FIG. 1 is a block diagram of a conventional line interpolation circuit. A line interpolator 40 receiving an input image signal through an input terminal, generates a line interpolated signal. A scanning rate converter 80 receiving the line interpolated signal output from the line interpolator 40 and an input image signal, performs a non-interlace scanning. In this case, the image signal supplied through the input terminal is a digitally converted image signal. The line interpolator 40 delays the input image signal by one horizontal line and produces an interpolated image signal by averaging the delayed image signal and a next one horizontal line. That is, a 1H delay 40a is for delaying the input image signal by one horizontal line, an adder 40b is for adding the image signal of a current horizontal line to the image signal of a previous horizontal line and a multiplier 40c is for multiplying the added image signal by 1/2, to thereby perform a line interpolation. For example, if the image signal supplied to the 1H delay 40a in the line interpolator 40 is 8 bits data, the adder 40b produces 9 bits data. Therefore, the multiplier 40c multiplies the 9 bits data by 1/2, to thereby produce a line interpolated data of 8 bits. The input image signal of the input terminal and the line interpolated image signal output from the line interpolator 40 are applied to the scanning rate converter 80 to perform a non-interlace scanning. In this case, if the scanning period of one horizontal line is 63.5 .mu.sec., the input image signal is produced for 63.5/2(31.75).mu.sec, and the line interpolated image signal is produced for 63.5/2(31.75).mu.sec.
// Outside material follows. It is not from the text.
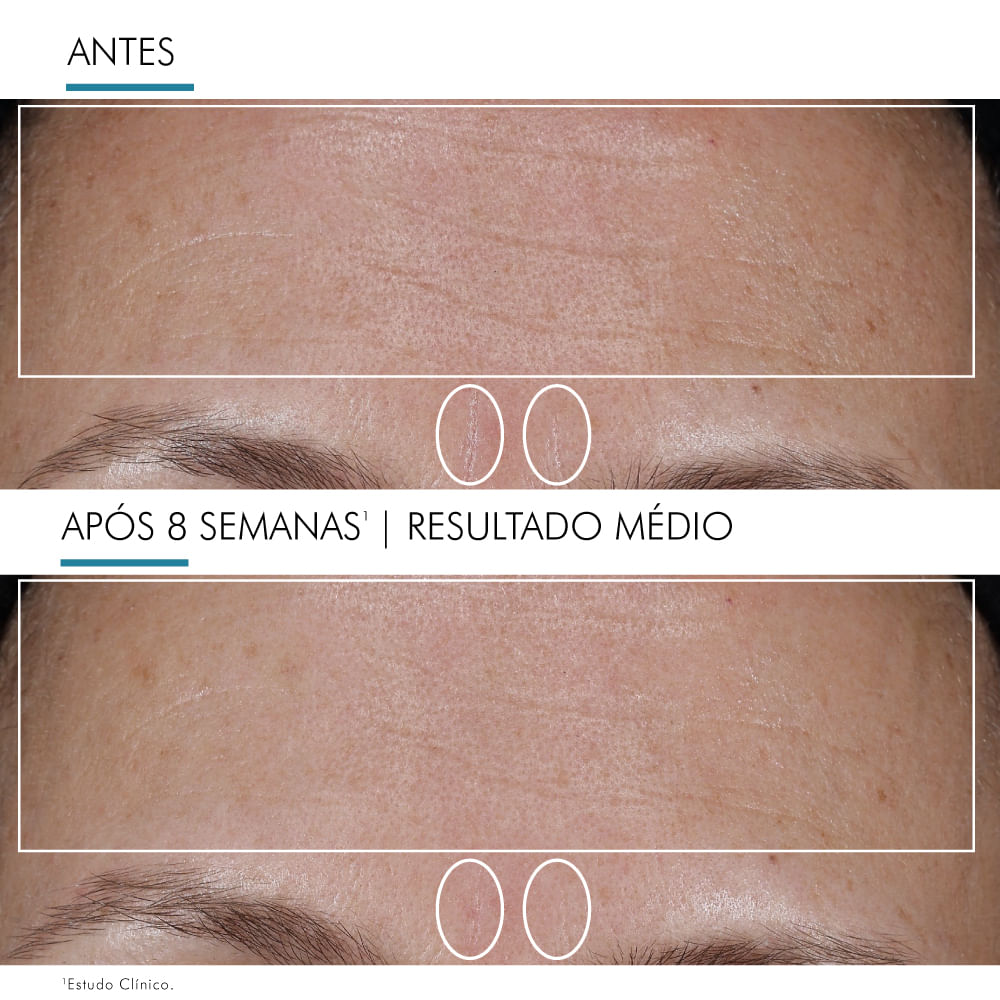 Encontraproduto.com.br - Sérum Booster Skinceuticals Cell Cycle Catalyst Renovador Ce Momento De Aplicação Dia Noite Tipo De Pele Todo Tipo De Pele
However, the above-described line interpolation method has a problem in that a vertical resolution is deteriorated since the current horizontal line and the previous horizontal line are interpolated by averaging the lines. To solve the above problem, in case of a still picture, a field interpolation is performed by selecting a previous field value as an interpolation value. However, since the field interpolation necessitates a field memory, it has a disadvantage that hardware is increased. Moreover, in case of a motion picture, a line interpolation is performed by using an adaptive interpolation. However, it cannot sufficiently decrease the deterioration of the vertical resolution.